There are hints of “Ost-algia” in the air these days in Germany. One in seven German wants the Wall back, according to a recent poll published in Stern magazine. Many feel they were better off when the country was divided. They are bitter about high taxes and millions of dollars of their money poured into rebuilding the formerly communist east over the past two decades. And all that for what? For an eastern region that’s depleting itself demographically, and where unemployment is twice as high as in western Germany.
But lost in those statistics is the reality of oppression.
This year’s literature Nobel Prize is bringing that reality to the surface. German novelist Herta Mueller gives voice to key themes of the oppression, dictatorship, and exile that dominated not only her life but that of the millions of victims of the Soviet regime in Germany and Eastern Europe.
That’s why German president Horst Koehler said it was a “good signal” that the top literary honor went to Herta Mueller on the 20th anniversary of the end of the dictatorships in Eastern Europe.
Herta Mueller “has a capacity of really giving you a sense of what it’s like to live in a dictatorship; also, what it’s like to be part of a minority in another country and what it’s like to be an exile,” Academy Permanent Secretary Peter Englund told Swedish radio news today, as he praised the woman who received death threats in her native Romania for refusing to cooperate with Nicolae Ceausescu’s totalitarian regime.
Read the Monitor Book Editor's take on Mueller's work, here.
Her family belonged to the German-speaking minority in Romania, a country that was closely linked to Nazi Germany. Her father served with the Waffen SS during World War II. But when, in 1945, the Red Army marched into Romania, all of Romania’s ethnic German men and women between 17 and 45 years of age - 80,000 in all - were deported to Soviet labor camps. Mueller’s mother was one of them. She spent five years in a labor camp in what is today Ukraine.
In her latest novel, “Everything I Own I Carry with Me” (“Atemschaukel” in German) Mueller depicts the exile of German Romanians. “That’s her life motto, to break the silence about the dictatorship in Romania ... and its consequences on people, and she wants to give the silence a voice,” Sigrid Loeffler, a German literary critic, said today on German Public Radio.

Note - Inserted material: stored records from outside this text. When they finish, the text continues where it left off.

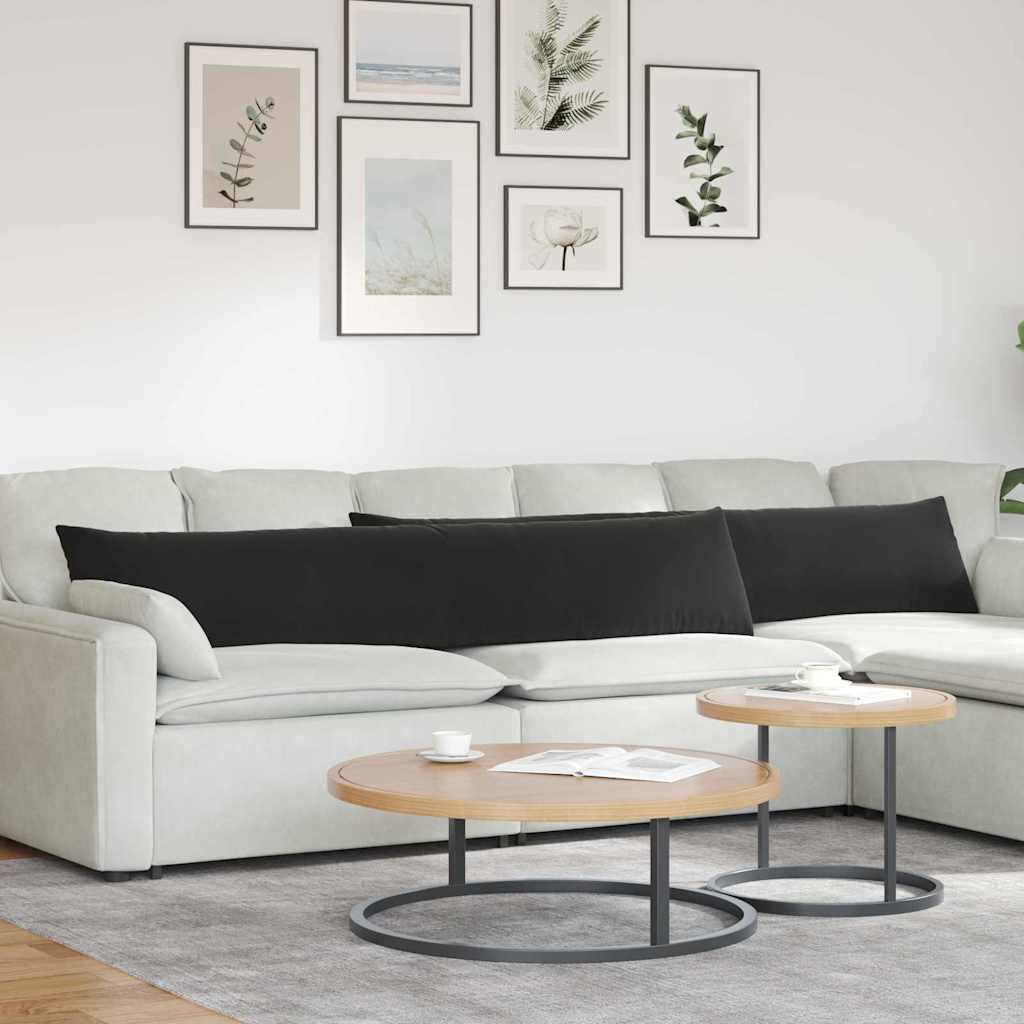 Poduszki na sofę 2 pcs Czarny 200 x 40 cm Tkanina sztruksowa vidaXL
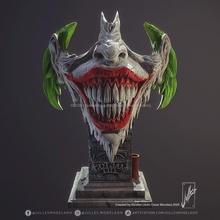 joker face v01 art sculpture gothic batman dc gotham laughs royal teeth 3d 3dprint vicious sculpt fan dcfan digitalart 3dprintable ready sculptures 3d print model - Mito3D
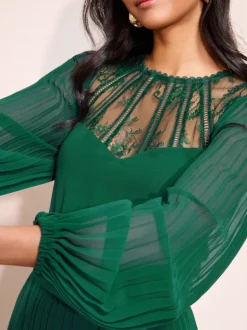 Friends Like These Green Lace Yoke Long Sleeve Pleated Chiffon Midi Dress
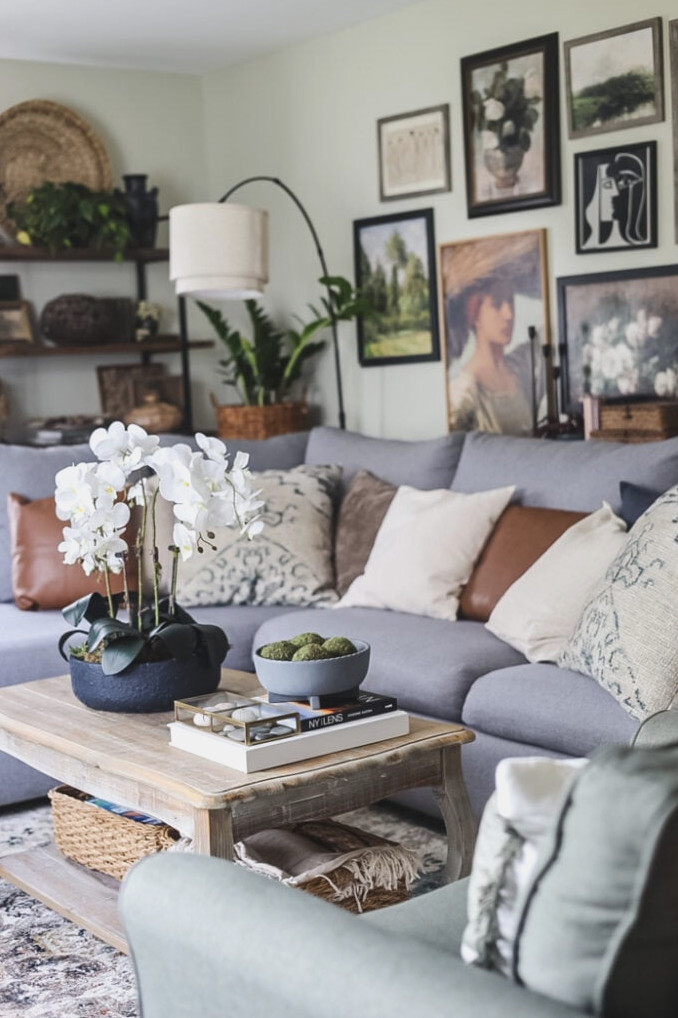 living room with large gallery wall and gray sectional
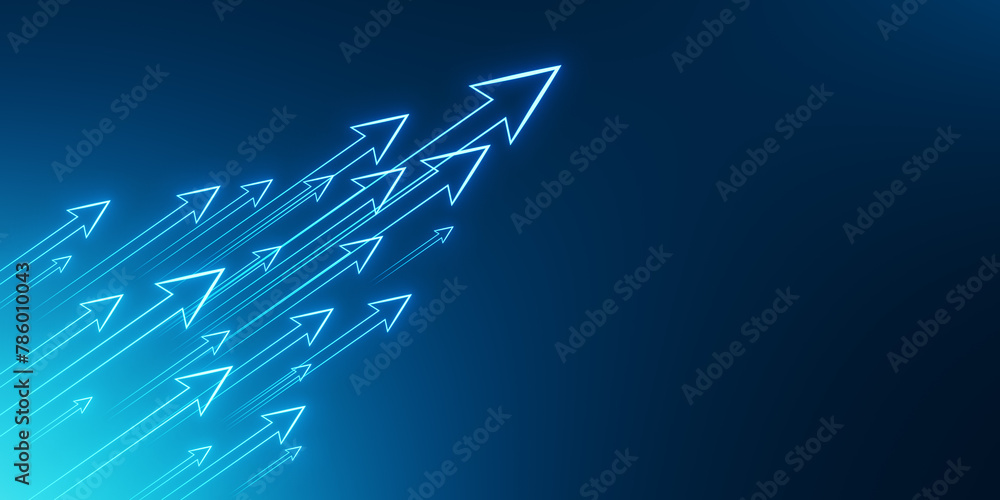 Poster Abstract growing arrows on blue backdrop with mock up place. Success, progress and result concept. 3D Rendering.
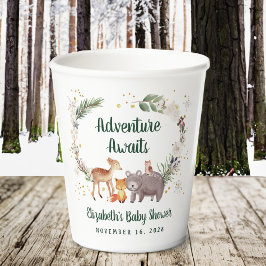 Winter Woodland Animals Baby shower Papieren Bekers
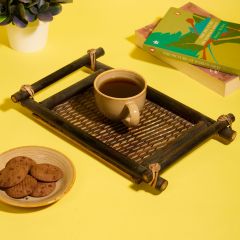  Round Bamboo Tray Small Brown 11×8 Inch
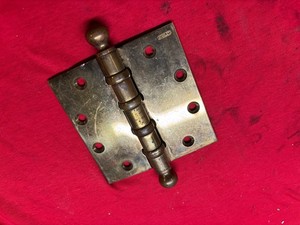 Vintage Antique Stanley Brass Ball Hinge Stamped 9371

Although Mueller grew up in Romania, she was always part of a minority, and never felt at home there. Eventually, she escaped to Berlin in 1987. Her work -- for example, “ Traveling on One Leg” -- deals with the consequences not only of oppression but of exile. “A lot of her books deal with being torn between staying and having to go, between saying goodbye and separating, about feeling a foreigner in one’s own country,” Loeffler said. “Hers is a life in transit. She’s waiting to go, but she never really arrives in the new country.”